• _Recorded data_
___
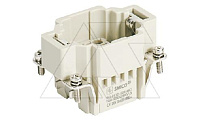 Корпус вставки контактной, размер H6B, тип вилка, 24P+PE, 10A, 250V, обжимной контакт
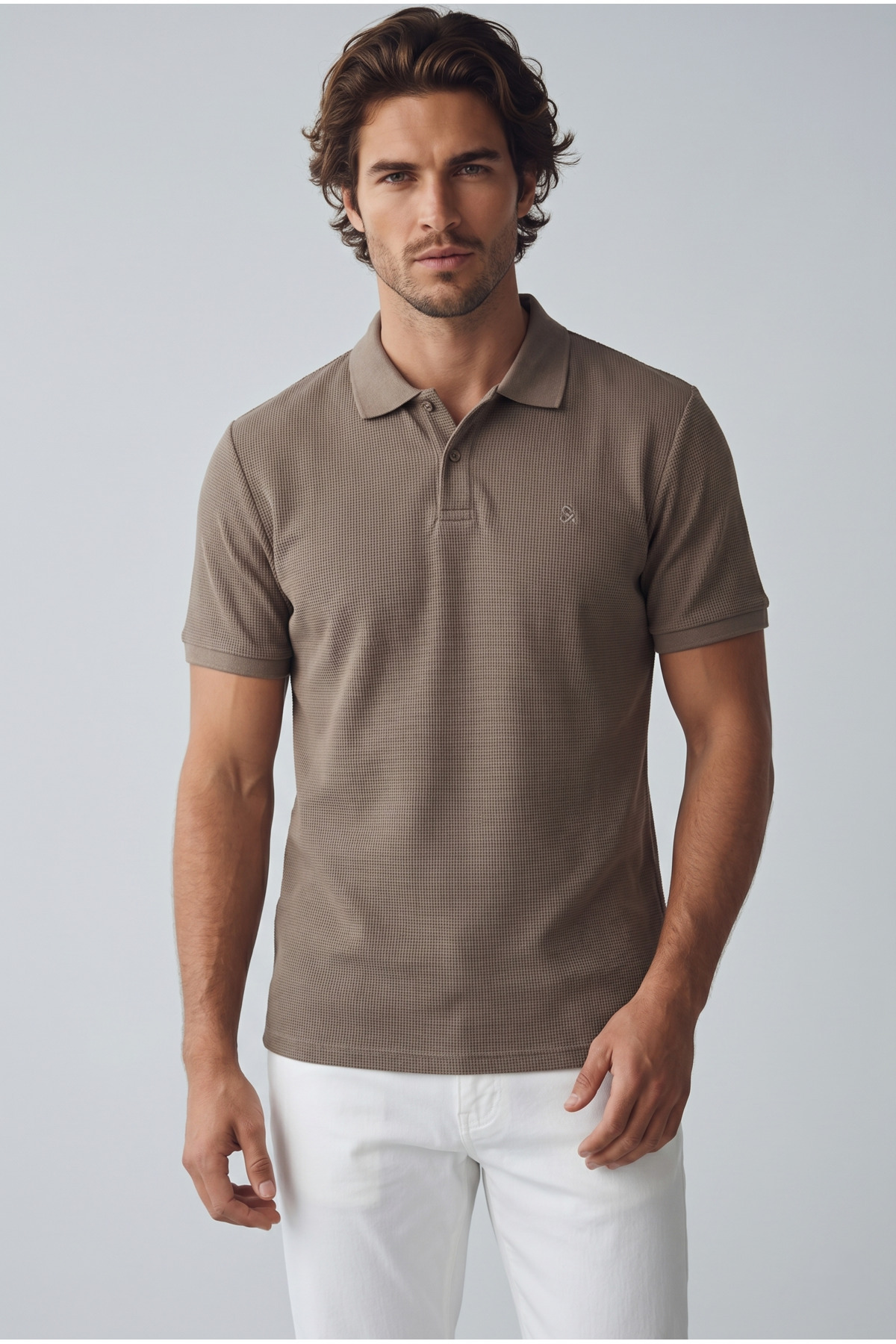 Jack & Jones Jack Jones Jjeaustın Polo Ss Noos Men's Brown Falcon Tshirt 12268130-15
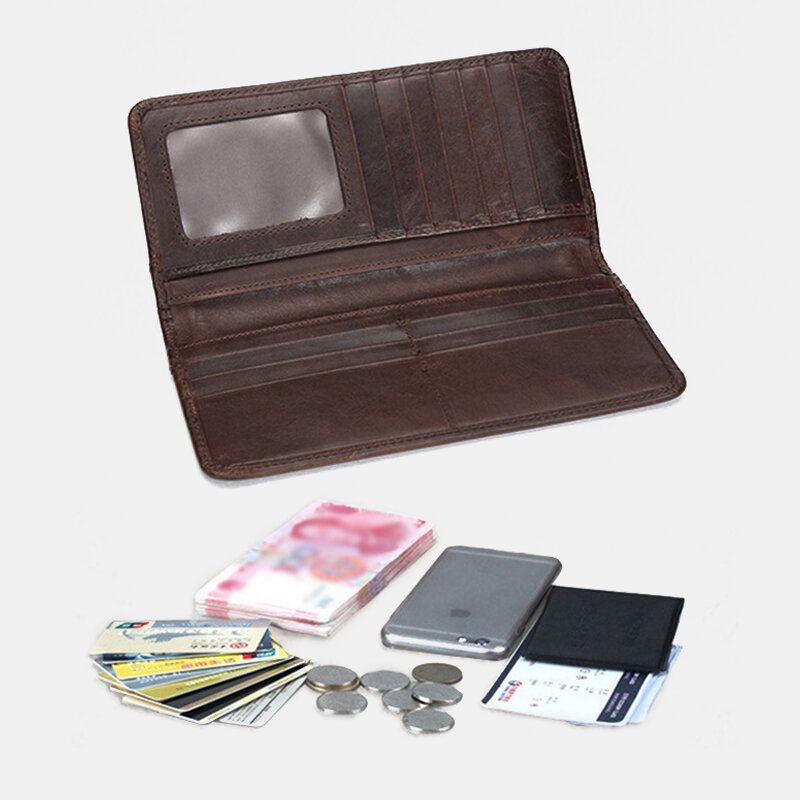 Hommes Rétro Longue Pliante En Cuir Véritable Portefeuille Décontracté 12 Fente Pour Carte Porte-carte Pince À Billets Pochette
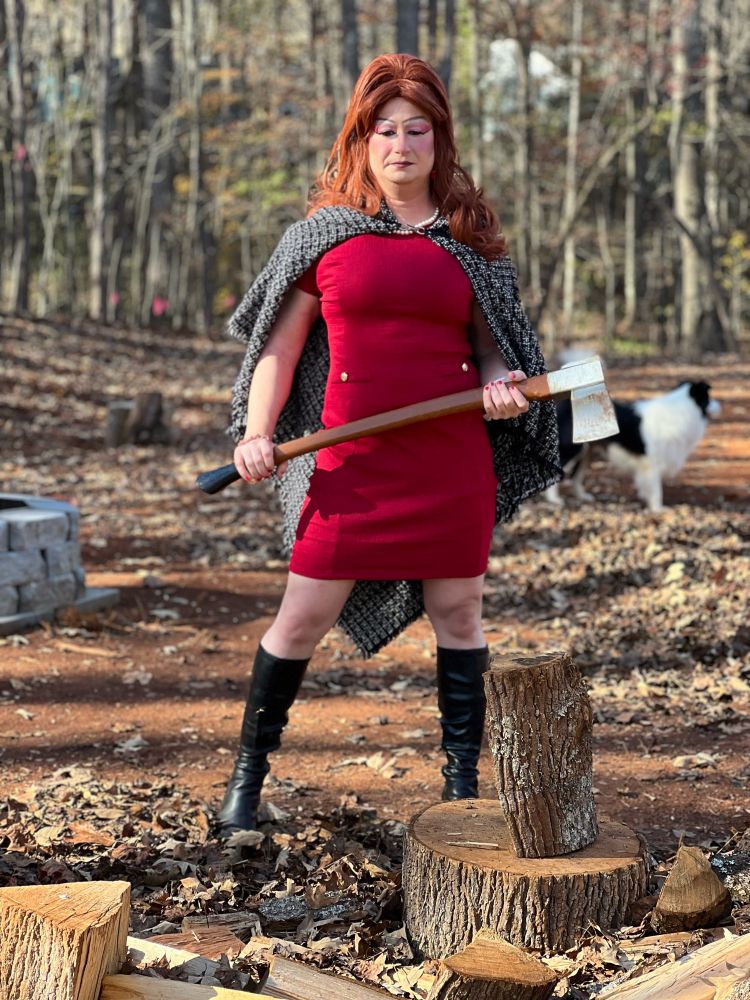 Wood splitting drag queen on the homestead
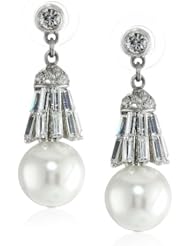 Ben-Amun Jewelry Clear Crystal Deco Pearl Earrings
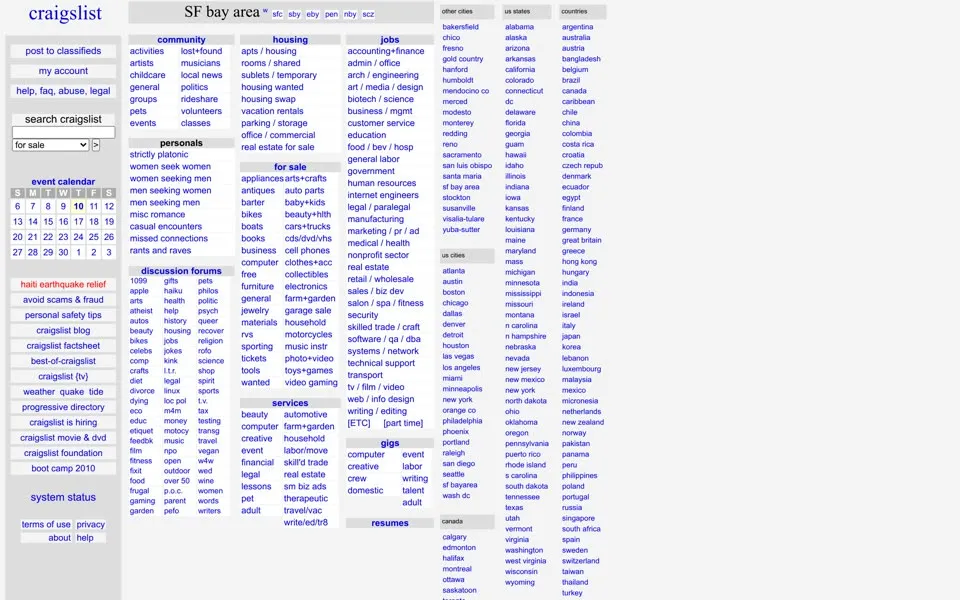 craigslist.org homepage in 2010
___
• _AIM OF THE TASK_
The required result is an exact copy of the lines from the line containing "Hommes Rétro Longue" through the end of the entries, with every picture left out.

• _SOLUTION TO THIS EXERCISE_
 Hommes Rétro Longue Pliante En Cuir Véritable Portefeuille Décontracté 12 Fente Pour Carte Porte-carte Pince À Billets Pochette
 Wood splitting drag queen on the homestead
 Ben-Amun Jewelry Clear Crystal Deco Pearl Earrings
 craigslist.org homepage in 2010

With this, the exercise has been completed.